Public scrutiny of the use of deadly force by police officers has been common in our area recently, as well. Examples include the deadly shooting of a woman who lead police on a car chase through D.C. last October, and a man who died after being beaten by officers in Baltimore last July.

Now, police forces D.C. and Baltimore are both considering body cameras that can record officers’ interactions with the public.

Speaking with WNEW in May, Deputy Director of D.C.’s Office of Police Complaints, Christian Klossner, said the cameras “are emerging as an important tool in policing across the country.”

He says they can be lapel-mounted, chest-mounted or even mounted on glasses, and can serve as “an objective witness of sorts.”

Their presence can help prevent negative police-citizen interactions, and footage can be used for training purposes or as evidence in criminal cases.
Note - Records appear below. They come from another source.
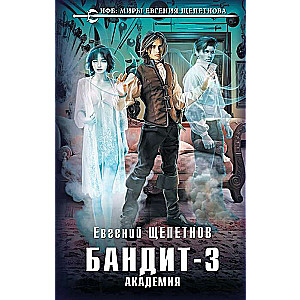 Bandit. Academy
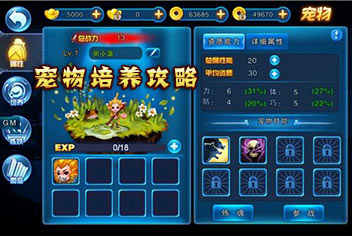 百战仙侠宠物养成攻略 宠物培养解析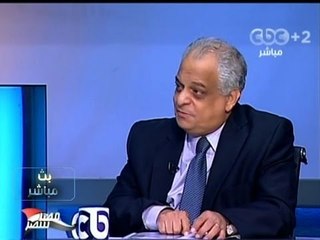 #Mubasher - بث_مباشر -3-10-2013 -- مصر تكتب دستورها2#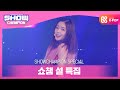 [Show Champion] [쇼챔 설 특집] 레드벨벳 - 행복 (Red Velvet - Happiness) l EP.383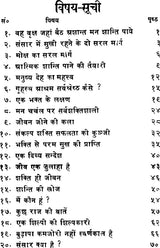 Vichar Saurabh: Bunch of Thoughts (Set of 2 Volumes) - Retail Maharaj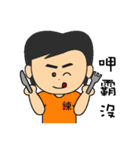 Mr.Lien ll（個別スタンプ：2）
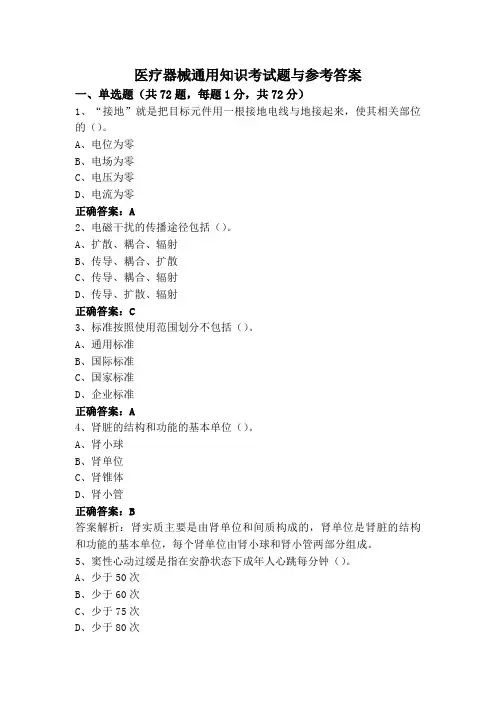 医疗器械通用知识考试题与参考答案
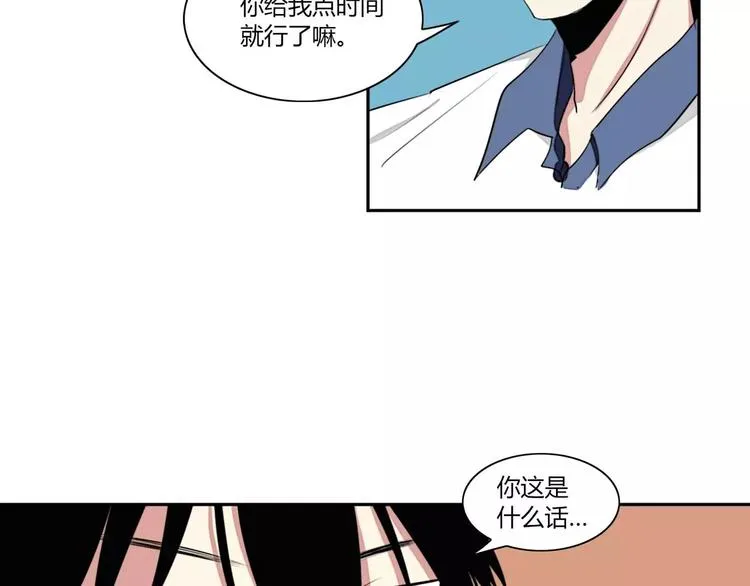 第1话 第108页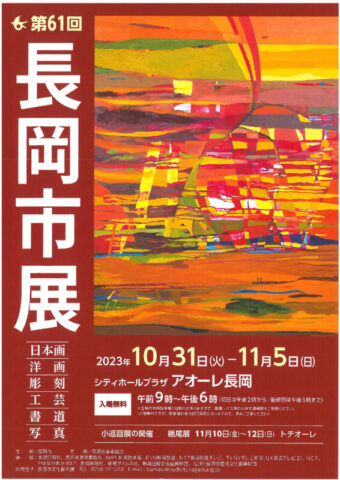 第61回長岡市美術展覧会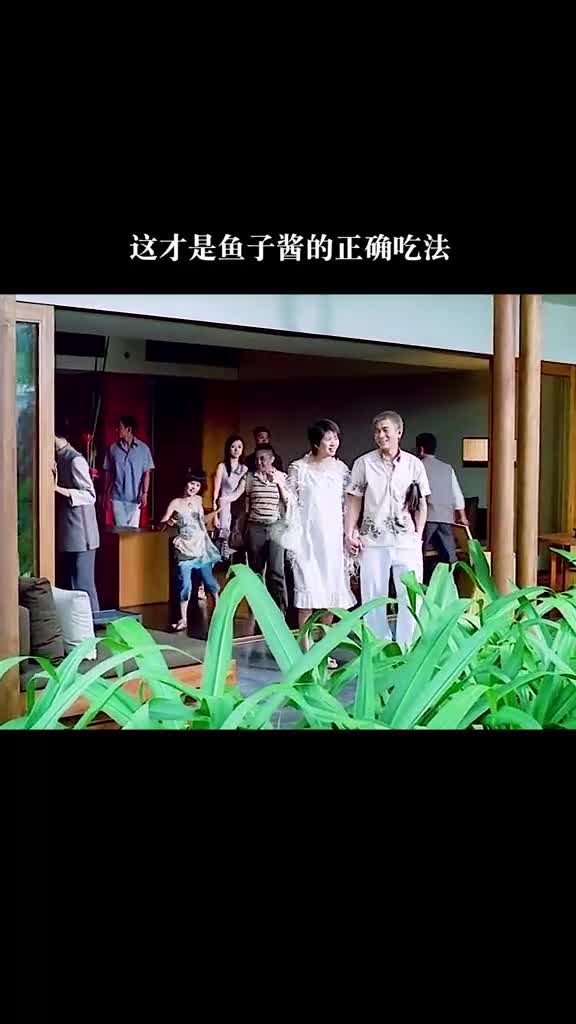 这才是鱼子酱的正确吃法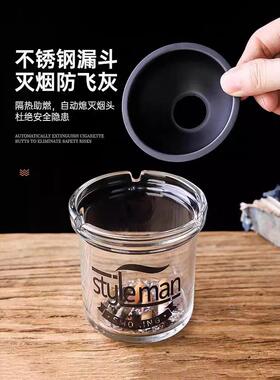 厂家直供防飞灰玻璃烟灰缸车载圆形烟灰缸家用公室颜值烟灰缸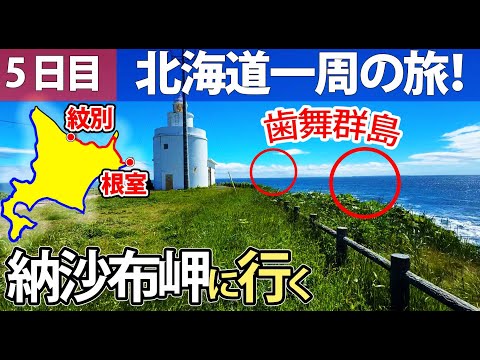 Trip around Hokkaido! Day 5] Head to Cape Nosappu, the easternmost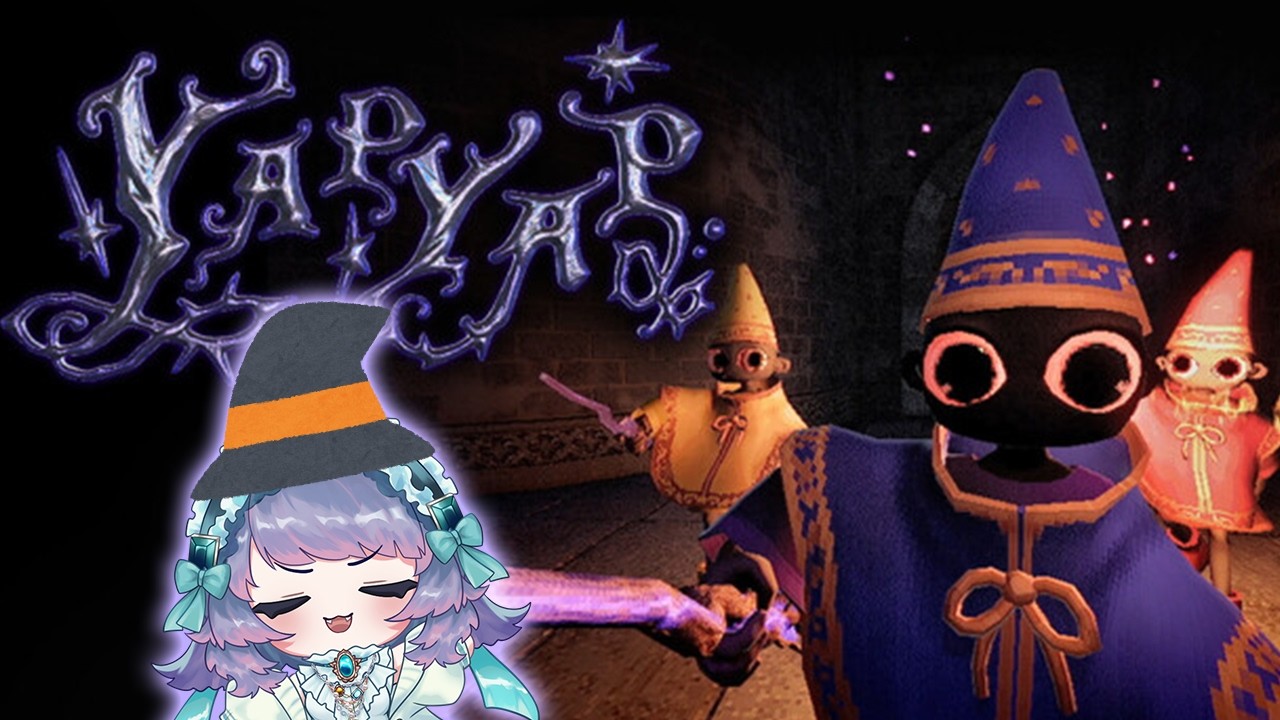【yapyap】魔法唱えるぞー！│20260227
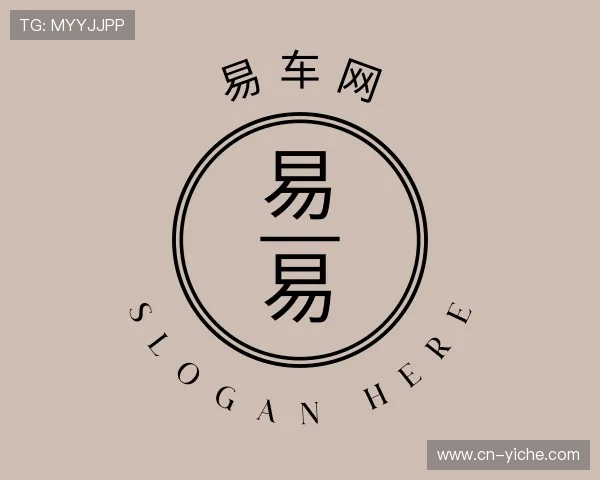 发现易车网app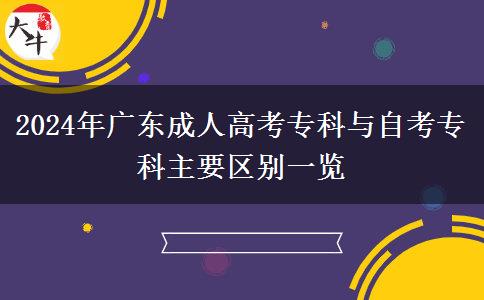 2024年廣東成人高考?？婆c自考專科主要區(qū)別一覽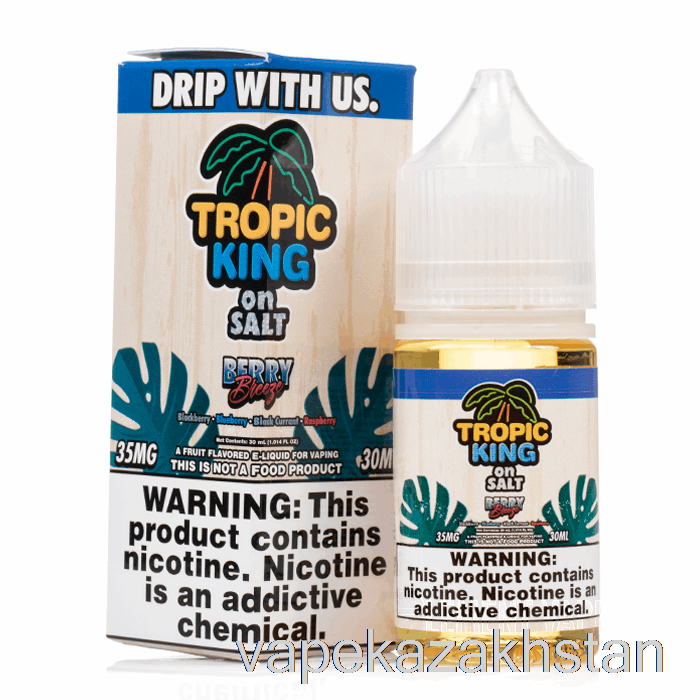 Vape Smoke Berry Breeze - Tropic King On Salt - 30mL 35mg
Klossner’s office released a report earlier this year urging the Metropolitan Police Department to create an on-body camera program. D.C. Police Chief Cathy L. Lanier has said a program is one of the department’s top five priorities.

Now, WJZ reports, Baltimore Mayor Stephanie Rawlings-Blake has said her city’s police force is looking into the cameras, as well.

“If there’s an incident, it could be a teachable moment and we can learn from it,” Rawlings-Blake tells WJZ. “And both sides—public and police—are protected.”

Right now, the city is just in the preliminary stages of looking at how a camera program could benefit its police force.

One smaller local department, though, already uses body cameras.

The Laurel Police Department has had an on-body camera program for nearly two years, according to Chief Richard McLaughlin.

“Just the knowledge that the camera is there has de-escalated situations almost instantly,” he says.

He calls the cameras “a huge success” and says complaints about his officers have dropped, and training has improved.